- Twin Lakes Location within the state of Iowa
- Coordinates: 42°29′08″N 94°37′38″W﻿ / ﻿42.48556°N 94.62722°W
- Country: United States
- State: Iowa
- County: Calhoun

Area
- • Total: 2.82 sq mi (7.31 km^{2})
- • Land: 1.32 sq mi (3.42 km^{2})
- • Water: 1.50 sq mi (3.89 km^{2})
- Elevation: 1,214 ft (370 m)

Population (2020)
- • Total: 316
- • Density: 239.1/sq mi (92.31/km^{2})
- Time zone: UTC-6 (Central (CST))
- • Summer (DST): UTC-5 (CDT)
- FIPS code: 19-79335
- GNIS feature ID: 2629974

= Twin Lakes, Iowa =

Twin Lakes is an unincorporated community and census-designated place (CDP) in Twin Lakes and Sherman townships in Calhoun County, Iowa, United States. As of the 2020 census it had a population of 316.

==Geography==
The CDP consists of lakefront communities surrounding two lakes, North Twin Lake and South Twin Lake. The lakes, which do not have a discernible surface outlet, are part of the North Raccoon River watershed, a tributary of the Des Moines River. Twin Lakes State Park occupies the surface area of the two lakes plus small portions of the shoreline.

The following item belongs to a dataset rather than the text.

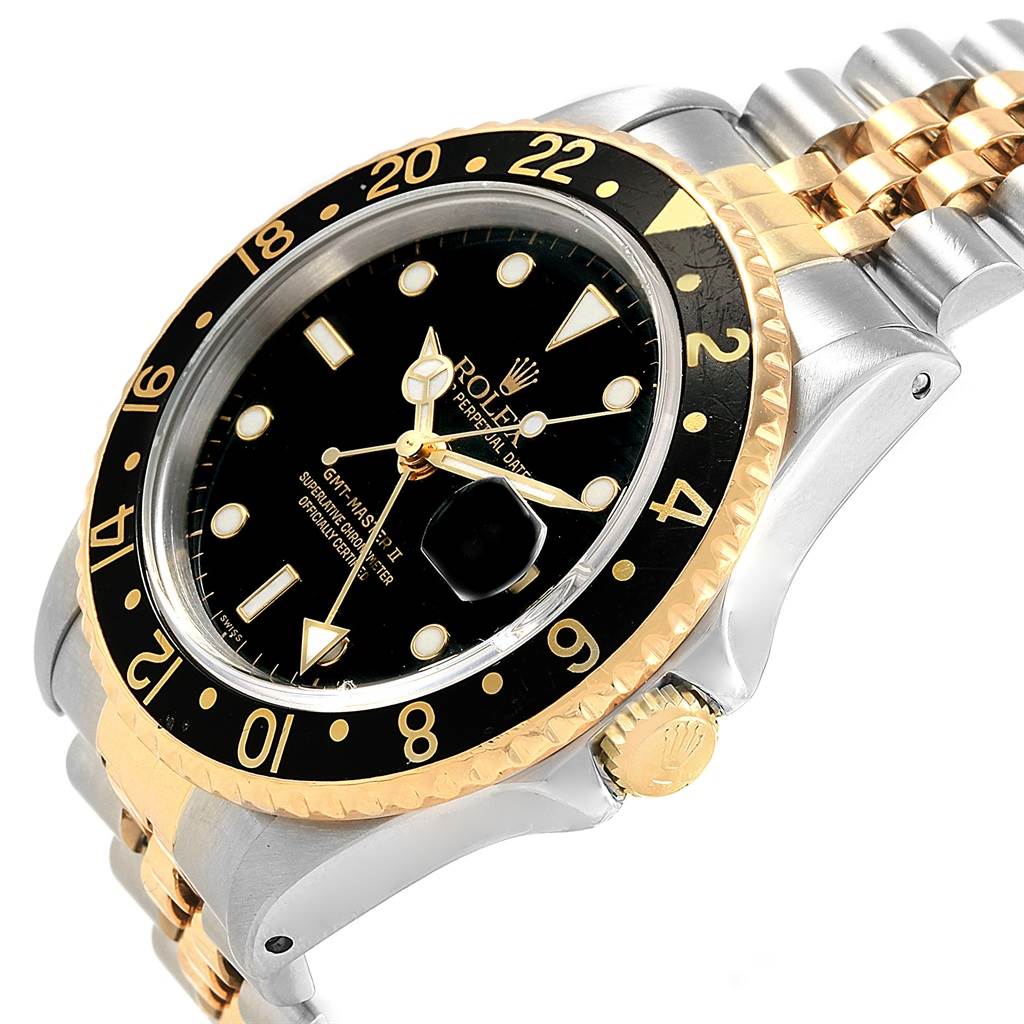 The Rolex GMT-Master 16713 Men's Stainless Steel Black Dial 16713 Men's Stainless Steel Black Dial watch is shown at an angled view displaying the face, bezel, crown, and part of the bracelet.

U.S. Route 20 runs just south of the southern edge of the CDP, leading east 26 mi to Fort Dodge and west 90 mi to Sioux City. Rockwell City, the Calhoun County seat, is 6 mi to the south.

==Demographics==

Historical population
| Census | Pop. | Note | %± |
| 2010 | 334 |  | — |
| 2020 | 316 |  | −5.4% |
U.S. Decennial Census

===2020 census===
As of the census of 2020, there were 316 people, 149 households, and 118 families residing in the community. The population density was 239.1 inhabitants per square mile (92.3/km^{2}). There were 345 housing units at an average density of 261.0 per square mile (100.8/km^{2}). The racial makeup of the community was 99.1% White, 0.0% Black or African American, 0.0% Native American, 0.0% Asian, 0.0% Pacific Islander, 0.0% from other races and 0.9% from two or more races. Hispanic or Latino persons of any race comprised 0.3% of the population.

Of the 149 households, 10.7% of which had children under the age of 18 living with them, 75.8% were married couples living together, 3.4% were cohabitating couples, 10.7% had a female householder with no spouse or partner present and 10.1% had a male householder with no spouse or partner present. 20.8% of all households were non-families. 18.8% of all households were made up of individuals, 12.1% had someone living alone who was 65 years old or older.

The median age in the community was 63.9 years. 8.5% of the residents were under the age of 20; 2.5% were between the ages of 20 and 24; 13.9% were from 25 and 44; 29.7% were from 45 and 64; and 45.3% were 65 years of age or older. The gender makeup of the community was 49.7% male and 50.3% female.

==Education==
The CDP is divided between three school districts: Pocahontas Area Community School District, Manson Northwest Webster Community School District, and South Central Calhoun Community School District. A part of the district was in the Rockwell City-Lytton Community School District; that part merged into South Central Calhoun on July 1, 2014.